> _Stored data_
▼▼▼

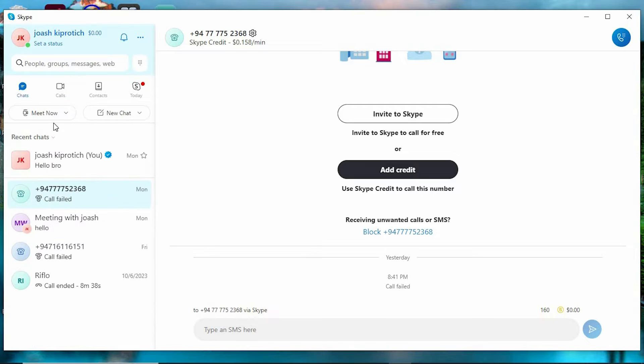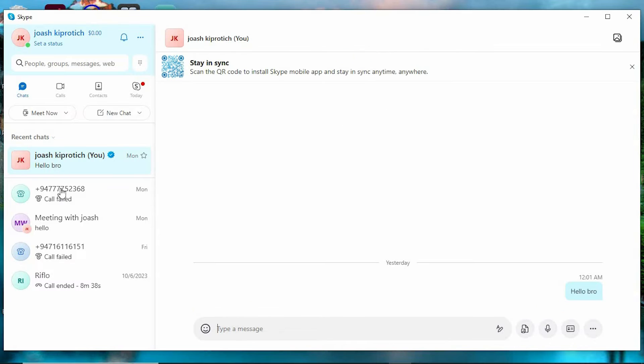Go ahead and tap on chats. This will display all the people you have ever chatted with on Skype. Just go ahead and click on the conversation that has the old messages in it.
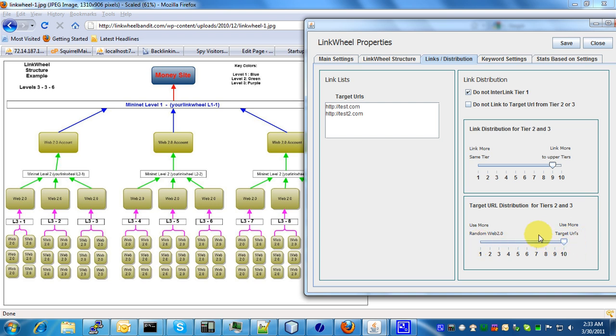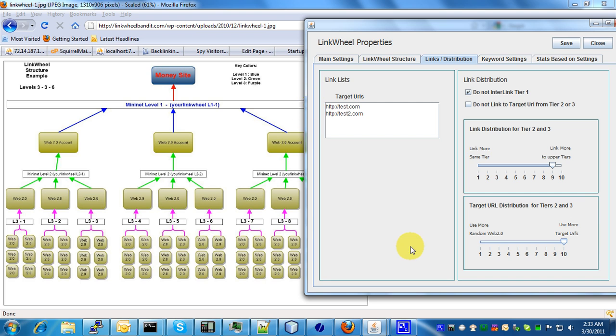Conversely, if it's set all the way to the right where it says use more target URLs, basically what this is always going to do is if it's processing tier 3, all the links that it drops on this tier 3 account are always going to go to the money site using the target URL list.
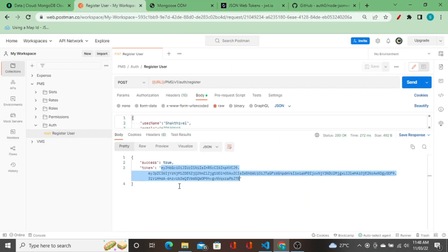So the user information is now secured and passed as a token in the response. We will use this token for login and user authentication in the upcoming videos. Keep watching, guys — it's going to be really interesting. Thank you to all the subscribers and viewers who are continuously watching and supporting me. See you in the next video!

▲▲▲
▼▼▼

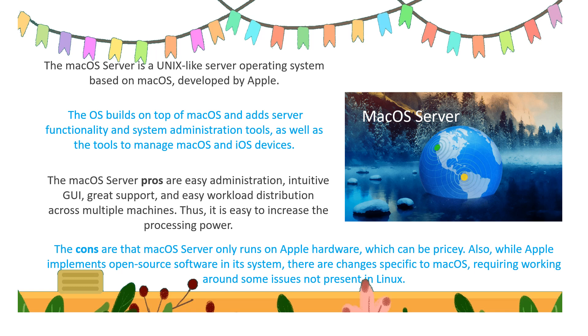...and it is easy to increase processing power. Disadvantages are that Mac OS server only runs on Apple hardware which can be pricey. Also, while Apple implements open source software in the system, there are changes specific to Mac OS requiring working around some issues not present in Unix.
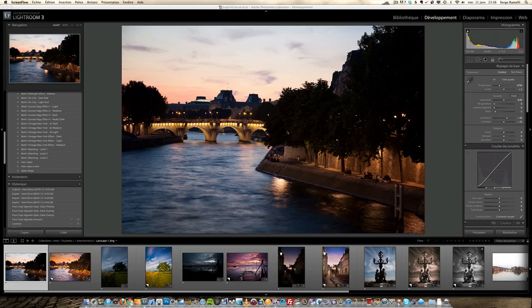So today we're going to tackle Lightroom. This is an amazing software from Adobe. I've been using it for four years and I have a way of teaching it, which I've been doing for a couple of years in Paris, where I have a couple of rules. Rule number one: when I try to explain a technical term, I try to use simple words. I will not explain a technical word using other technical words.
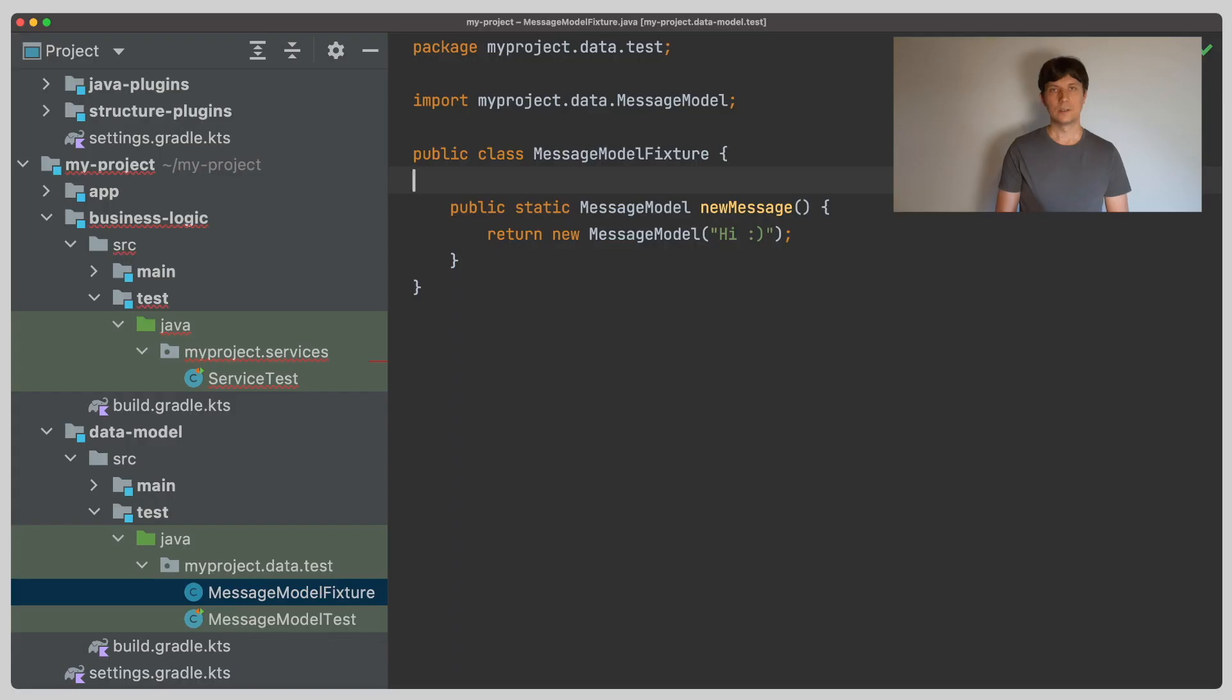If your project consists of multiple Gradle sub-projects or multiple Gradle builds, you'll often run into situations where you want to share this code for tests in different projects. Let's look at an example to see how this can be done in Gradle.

▲▲▲

> _What is being asked_
Take the material above from the line containing "So today we're" up to and including the line containing "If your project" and retype it exactly, without any pictures.

> _Response_
So today we're going to tackle Lightroom. This is an amazing software from Adobe. I've been using it for four years and I have a way of teaching it, which I've been doing for a couple of years in Paris, where I have a couple of rules. Rule number one: when I try to explain a technical term, I try to use simple words. I will not explain a technical word using other technical words.
If your project consists of multiple Gradle sub-projects or multiple Gradle builds, you'll often run into situations where you want to share this code for tests in different projects. Let's look at an example to see how this can be done in Gradle.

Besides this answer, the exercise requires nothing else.